(Captioned web image data)
----------
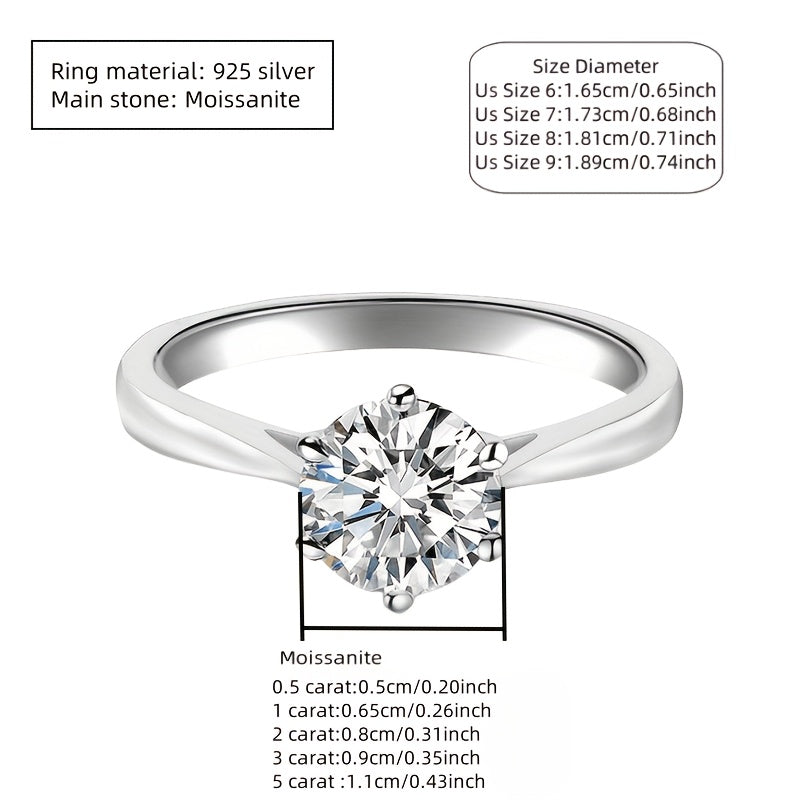 New Women'S One-Carat 925 Silver Moissanite Ring Plated with Tp950.
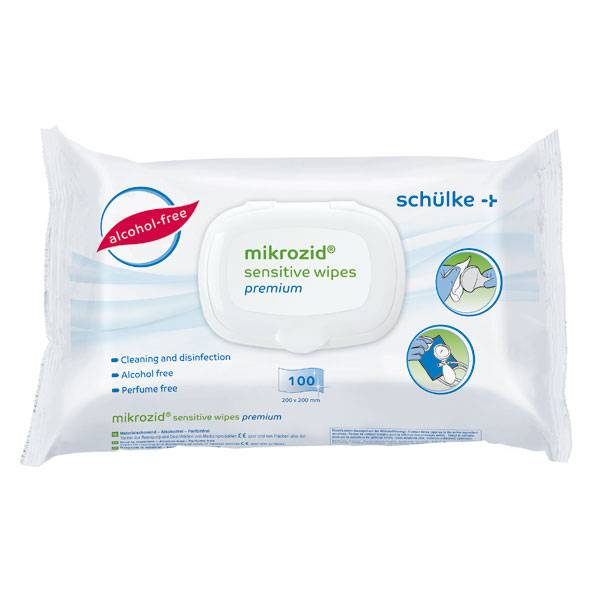 Schülke mikrozid sensitive wipes Desinfektionstücher Premium, Inhalt: 100 Stück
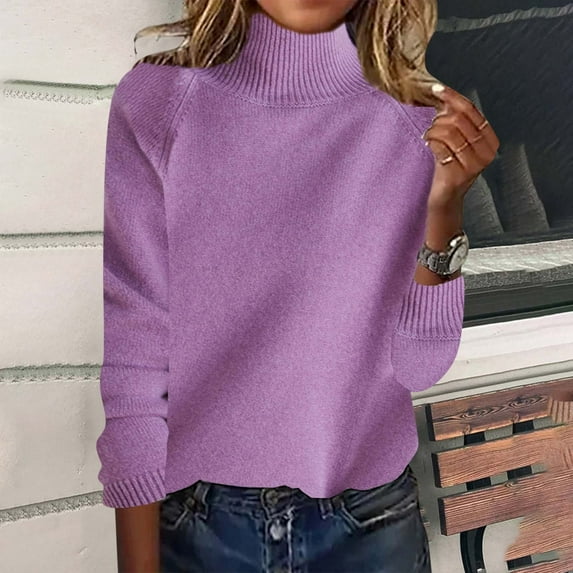 BSDJILFG Tunic Sweaters for Women Long Sleeve Turtleneck Raglan Basic Tees Textured Ribbed Pullover Blouses Workwear
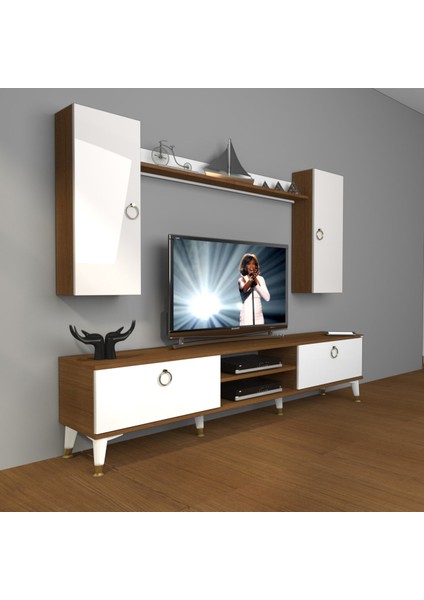 Eko 7 Mdf DVD Gold Tv Ünitesi Tv Sehpası - Ceviz - Beyaz
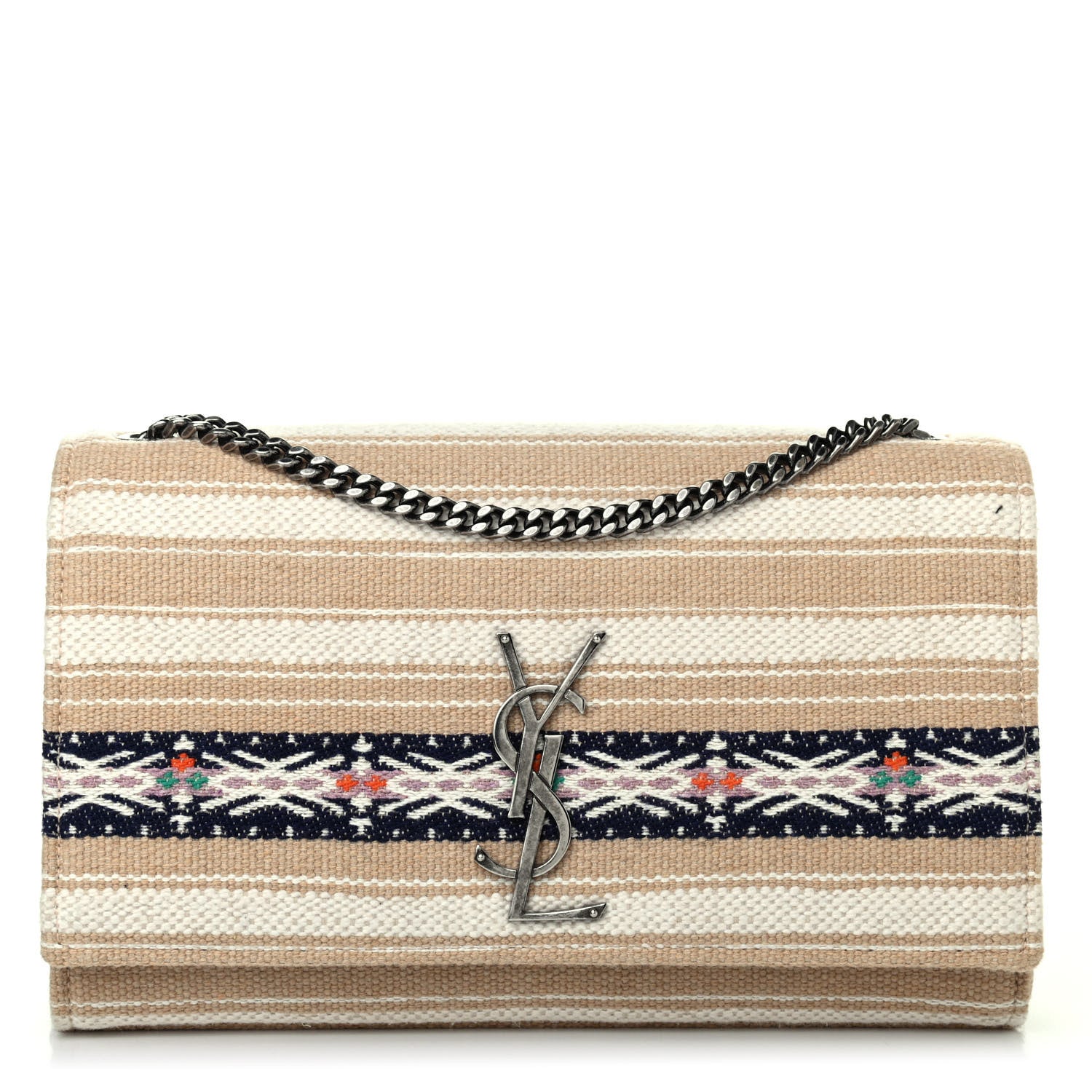 Saint Laurent Berber Canvas Striped Medium Classic Monogram Kate Satchel 1 of 4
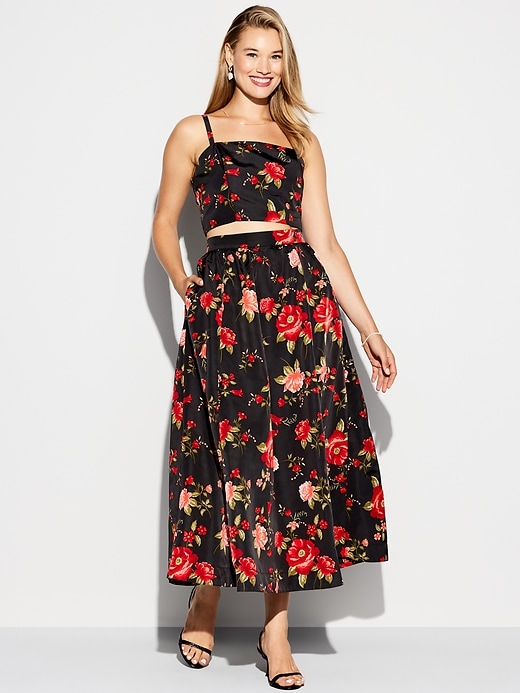 Image number 8 showing, The Occasion by Old Navy High-Waisted Taffeta Midi Skirt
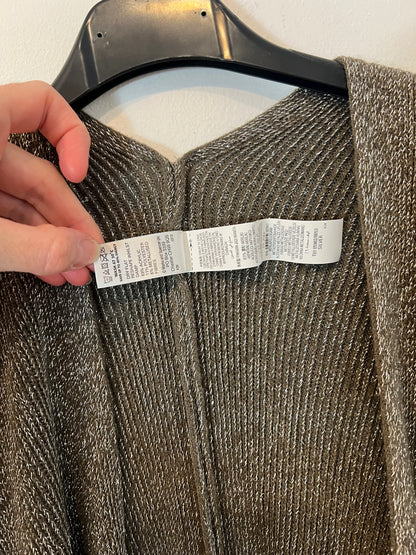 MARKS&SPENCER. Poncho punto gris hilos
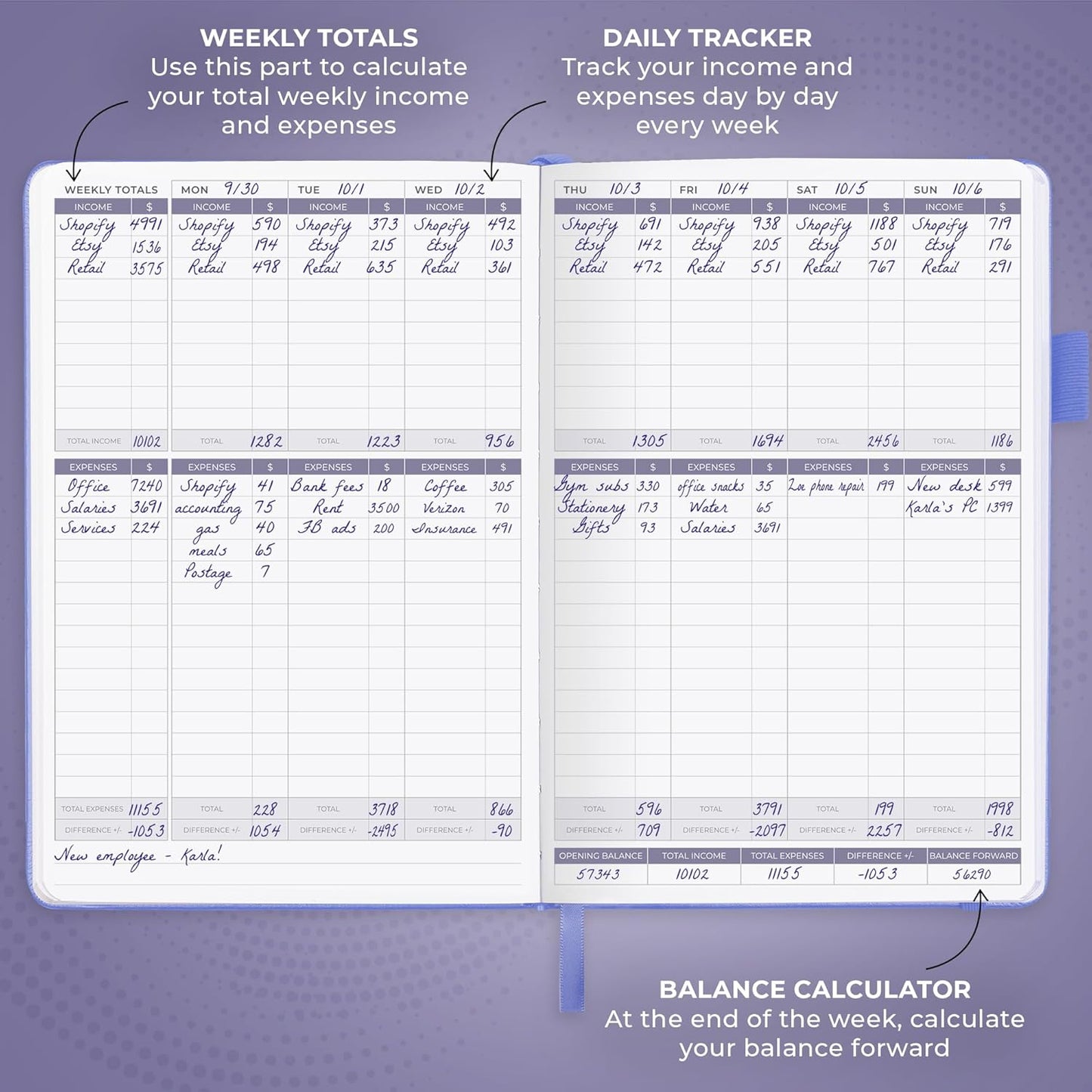 Clever Fox Income & Expense Tracker – Accounting & Bookkeeping Ledger Book for Small Business – 1-Year Record Notebook, A5 (Lavender)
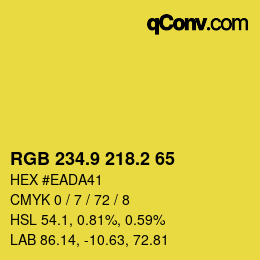 カラーコード: RGB 234.9 218.2 65 | qconv.com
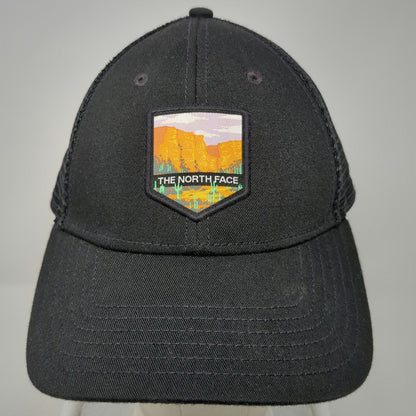 The North Face Trucker Hat Black One Size Snapback Mesh Desert Patch Mesa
----------
Begin at the line with "カラーコード: RGB 234.9 218.2 65 | qconv.com" and end at the last line of the data above. Reproduce those lines exactly, but not the pictures.

 カラーコード: RGB 234.9 218.2 65 | qconv.com
 The North Face Trucker Hat Black One Size Snapback Mesh Desert Patch Mesa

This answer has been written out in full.